Ficheiro de citações bibliográficas sobre a obra de Fernando Pessoa

Supra-Camões

«E «fatalmente o Grande Poeta, que este movimento gerará, deslocará para segundo plano a figura, até agora primacial, de Camões». Tendo assim profetizado o aparecimento de um «supra-Camões», Pessoa termina por um acto de fé e uma aleluia. «Tenhamos a coragem de ir para aquela louca alegria[...]. Prepara-se em Portugal uma renascença extraordinária, um ressurgimento assombroso.»
Fizeram-se diversas leituras deste texto extravagante. Crespo sublinha-lhe a ironia com razão, mas parece ver aqui apenas uma farsa. Gaspar Simões entende-o como uma amplificação oratória do anúncio do Orpheu e do modernismo. A verdade é mais simples e mais louca. O imenso génio cuja chegada iminente Pessoa prevê, que fará sombra a quatro séculos de poesia portuguesa e através de quem Portugal se elevará, na ordem literária, à categoria das maiores nações do mundo, é sem dúvida ele, o jovem poeta desconhecido. Sem isso, o que escreve não faz qualquer sentido.
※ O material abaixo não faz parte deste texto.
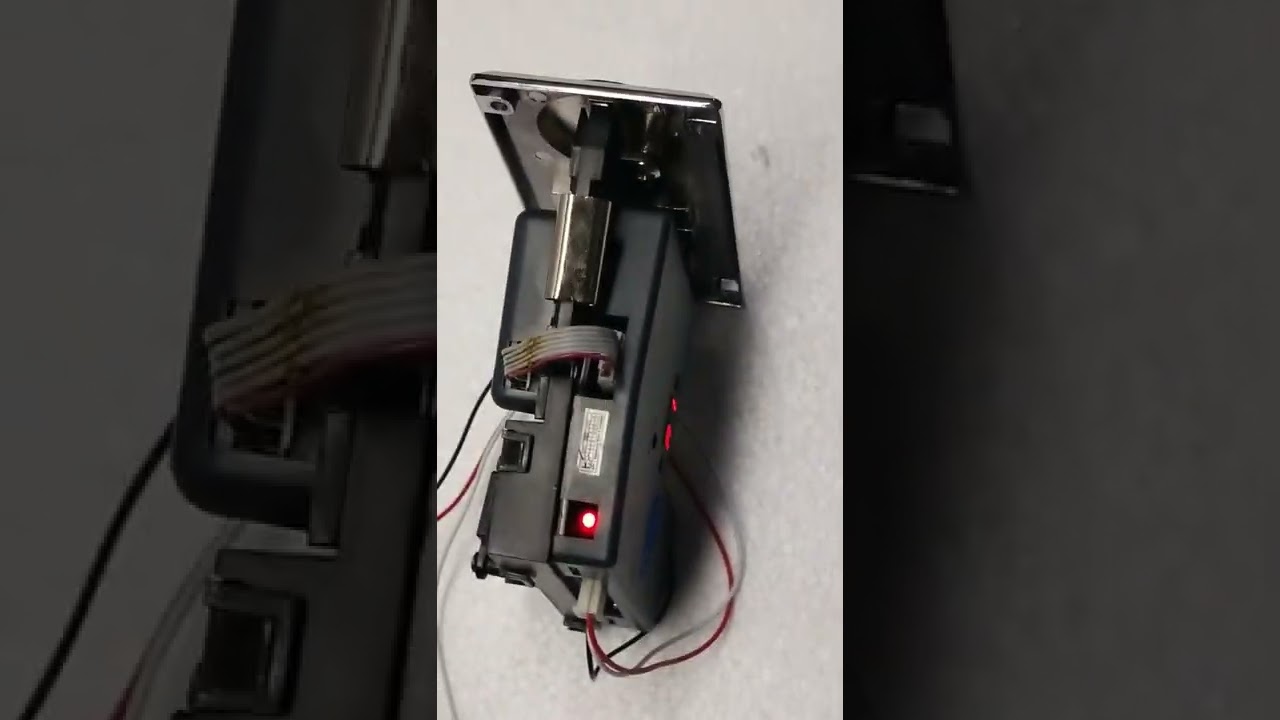 COIN ACCEPTOR CALIBRATION WITH INFINITY WATER ATM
Por vezes, como que por pudor, finge-se acreditar que ele se toma por um São João Baptista, clamando no deserto e preparando o caminho de Outro, maior, que há-de vir. Mas não, esse Outro é ele. Tudo o que se seguirá na sua obra vai mostrá-lo retrospectivamente, entranhado que está, desde o início, da certeza de ter uma missão sobre-humana a cumprir. Este artigo um pouco pesadão de 1912 é uma primeira mensagem», ao qual virá responder a Mensagem altaneira de 1934. Lido deste modo, ele assume uma grandeza singular.»
Robert Bréchon. Estranho Estrangeiro - Uma biografia de Fernando Pessoa. Lisboa: Quetzal, 1996, pp. 162-163.